# TASK TO CARRY OUT:
The required output is the line with "White BMW E90" plus all lines that follow it to the end of the listing below, written out exactly, with no pictures.

# DATASET EXTRACT:
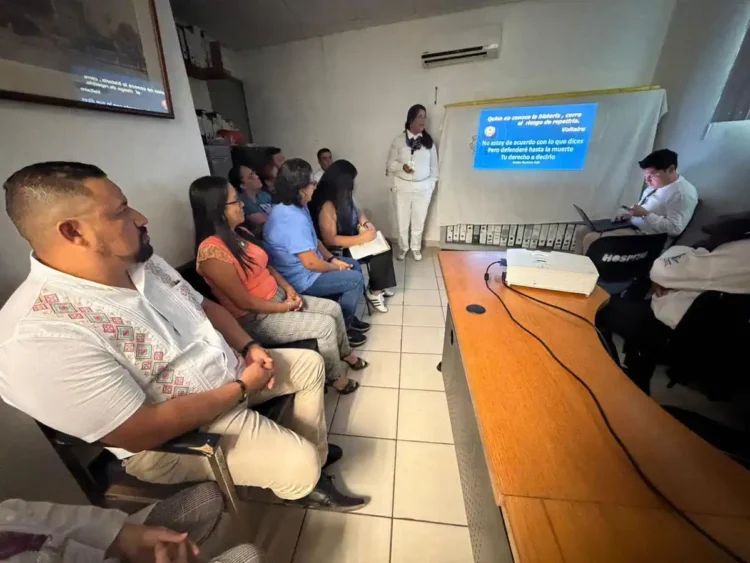 Grupo de trabajadores del ISSSTE en capacitación sobre violencia de género, con presentación en proyector y instructora.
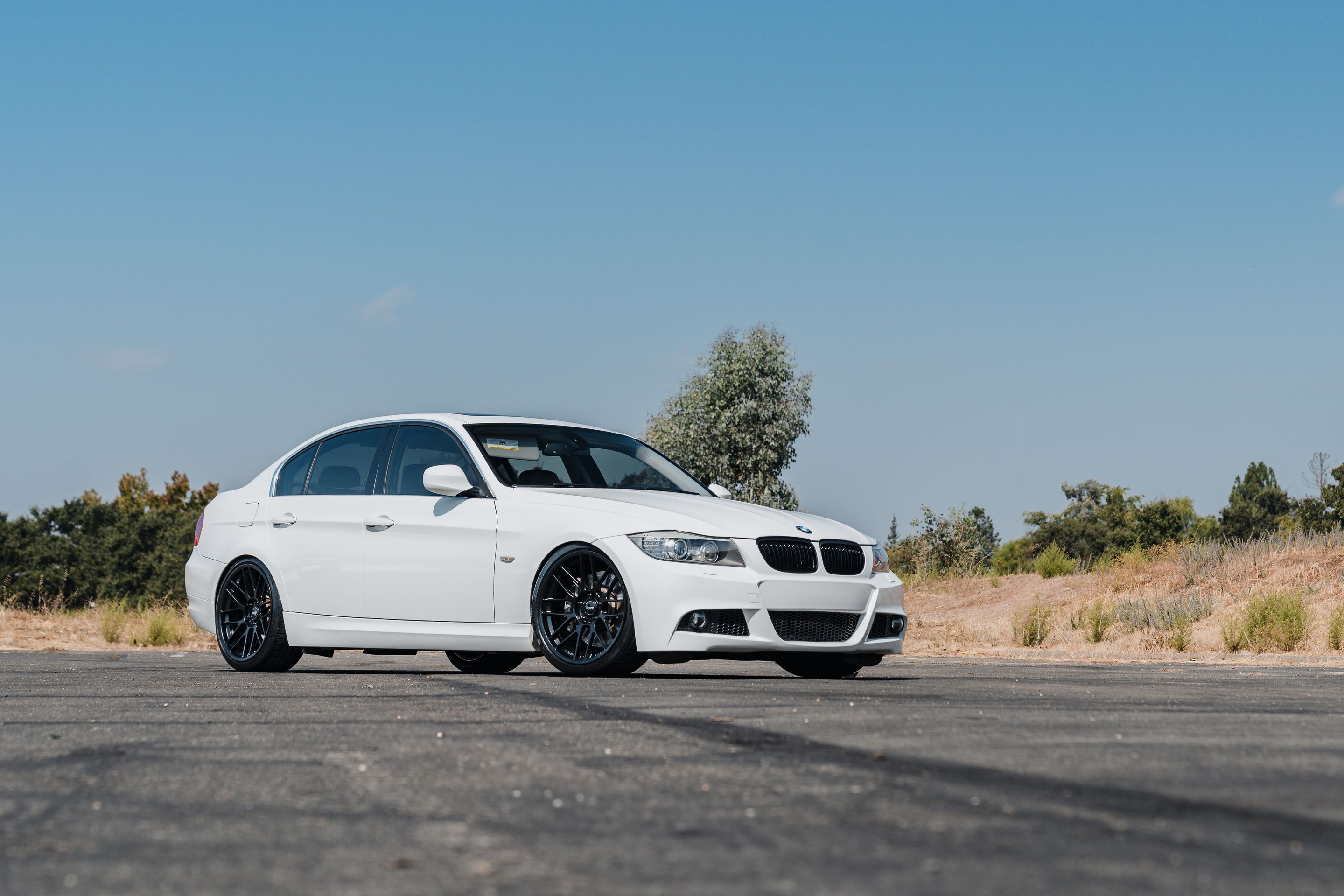 White BMW E90 LCI Sedan 3 Series with 19" ARC-8RT Apex wheels in Satin Black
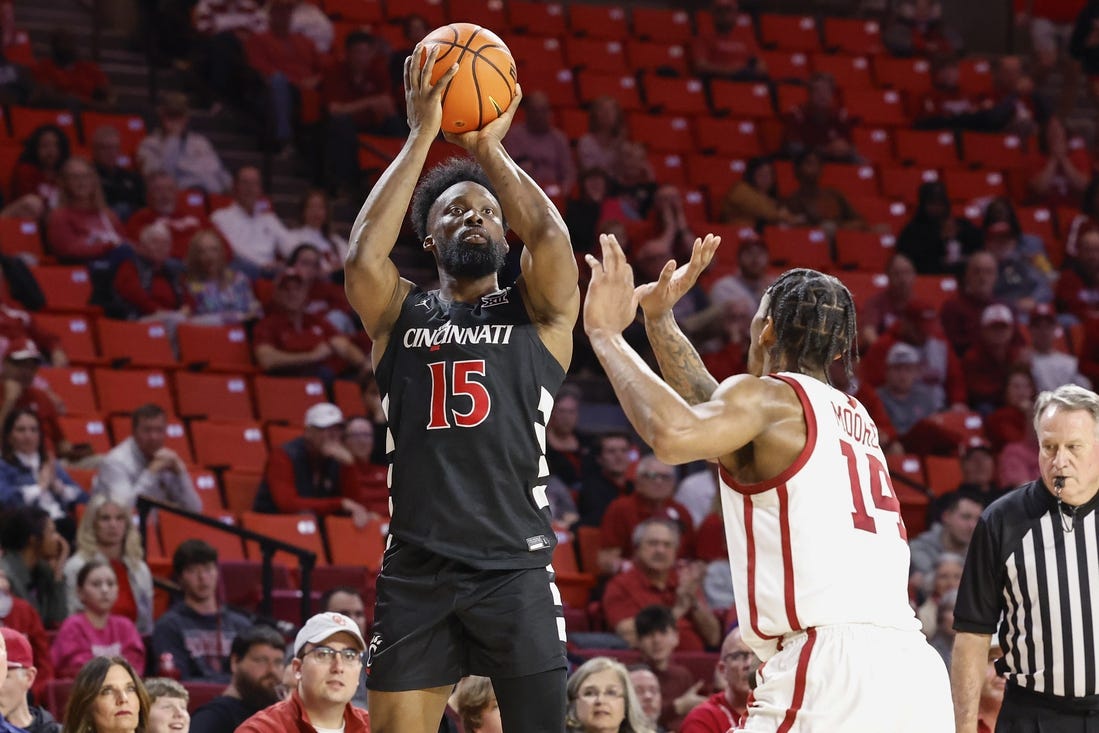 Mar 5, 2024; Norman, Oklahoma, USA; Cincinnati Bearcats forward John Newman III (15) shoots as Oklahoma Sooners forward Jalon Moore (14) defends during the first half at Lloyd Noble Center. Mandatory Credit: Alonzo Adams-USA TODAY Sports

# THE ANSWER:
 White BMW E90 LCI Sedan 3 Series with 19" ARC-8RT Apex wheels in Satin Black
 Mar 5, 2024; Norman, Oklahoma, USA; Cincinnati Bearcats forward John Newman III (15) shoots as Oklahoma Sooners forward Jalon Moore (14) defends during the first half at Lloyd Noble Center. Mandatory Credit: Alonzo Adams-USA TODAY Sports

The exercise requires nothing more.